= Exercise goal =
Transcribe the listing exactly; drop the images.

= Exercise data =
>>>>>
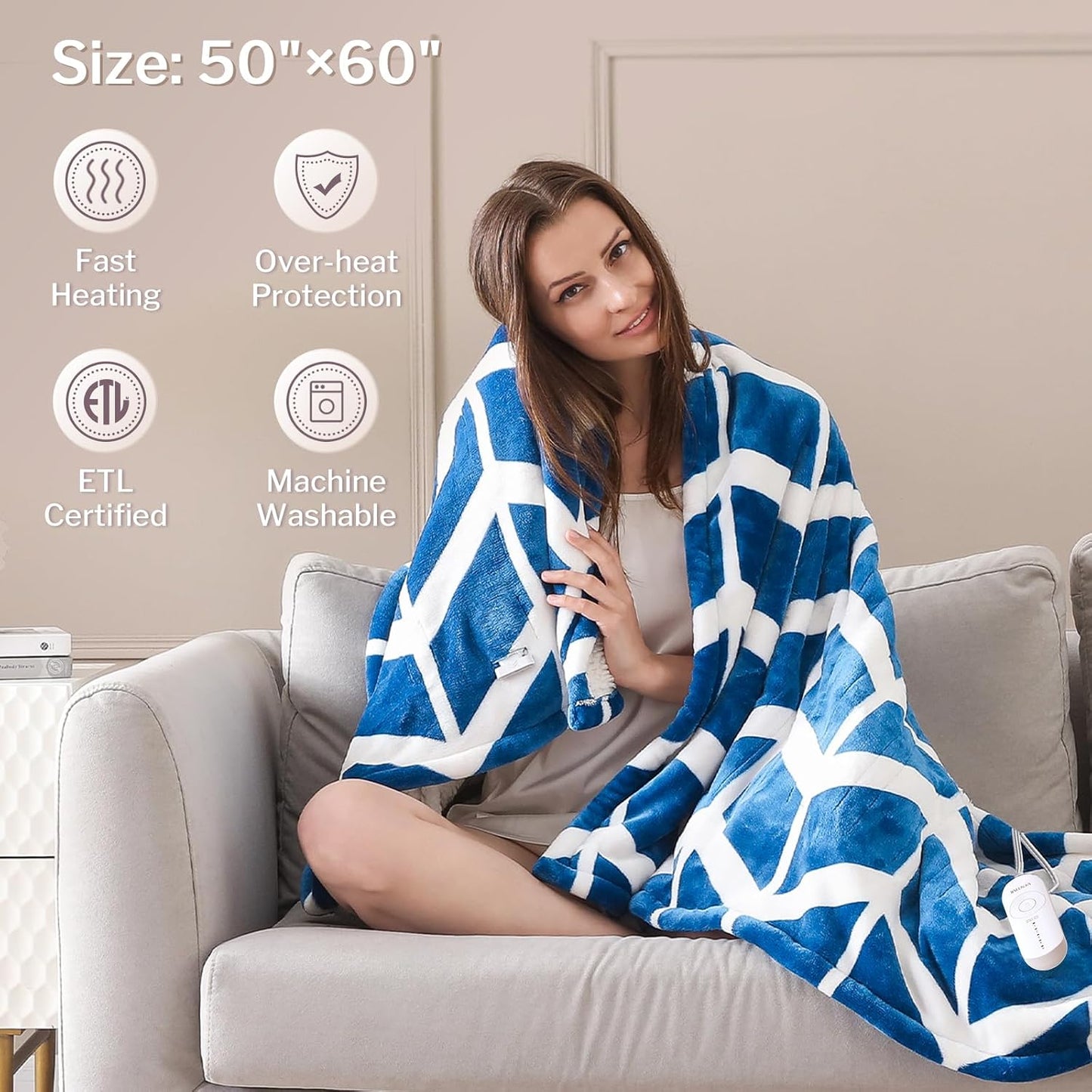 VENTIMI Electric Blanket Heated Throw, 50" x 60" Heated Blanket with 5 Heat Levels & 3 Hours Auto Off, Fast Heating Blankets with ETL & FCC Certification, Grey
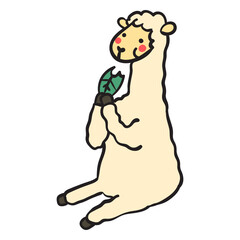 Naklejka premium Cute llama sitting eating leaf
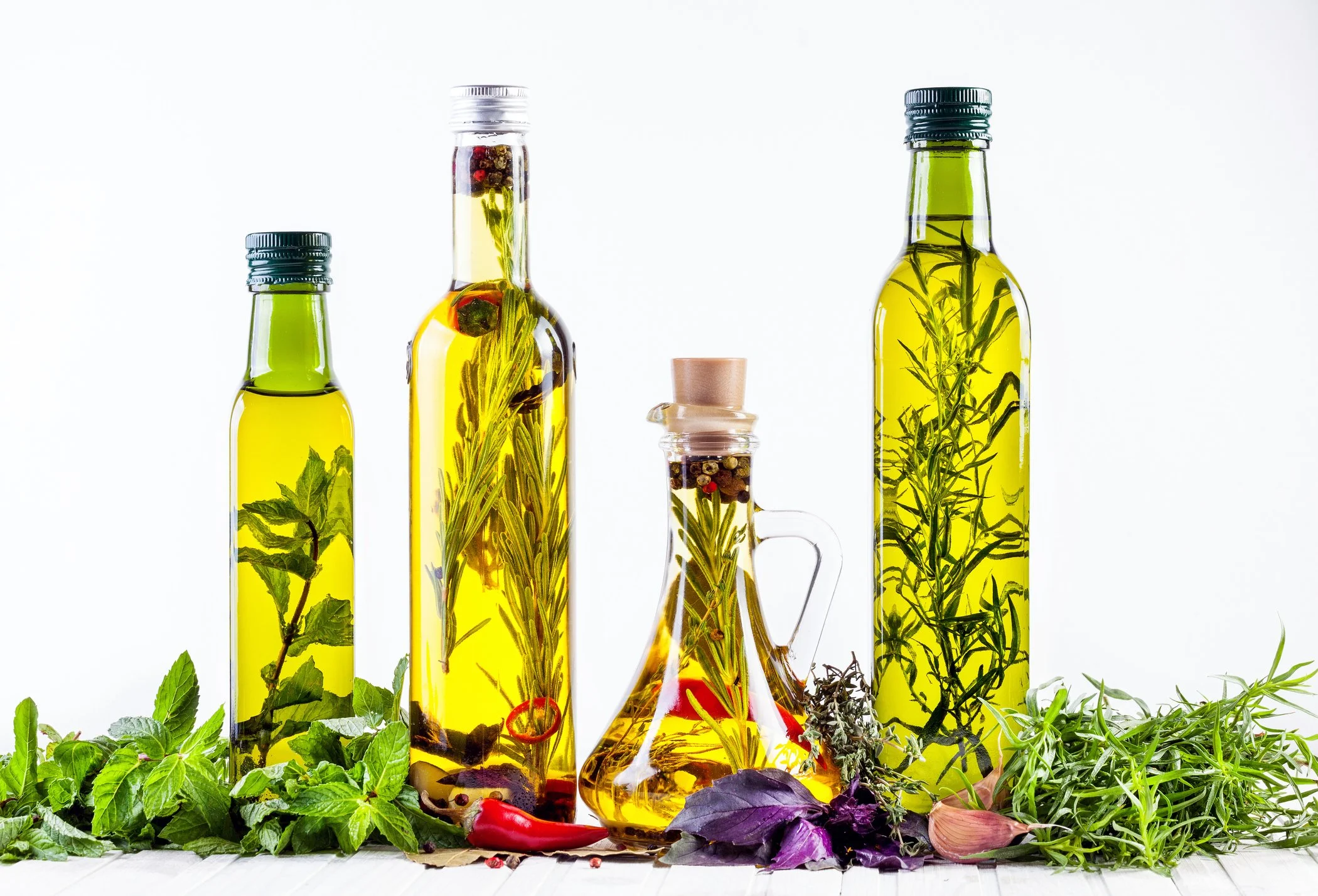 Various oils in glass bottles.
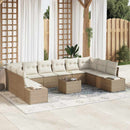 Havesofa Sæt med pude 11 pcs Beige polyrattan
<<<<<
= Result of the exercise =
 VENTIMI Electric Blanket Heated Throw, 50" x 60" Heated Blanket with 5 Heat Levels & 3 Hours Auto Off, Fast Heating Blankets with ETL & FCC Certification, Grey
 Naklejka premium Cute llama sitting eating leaf
 Various oils in glass bottles.
 Havesofa Sæt med pude 11 pcs Beige polyrattan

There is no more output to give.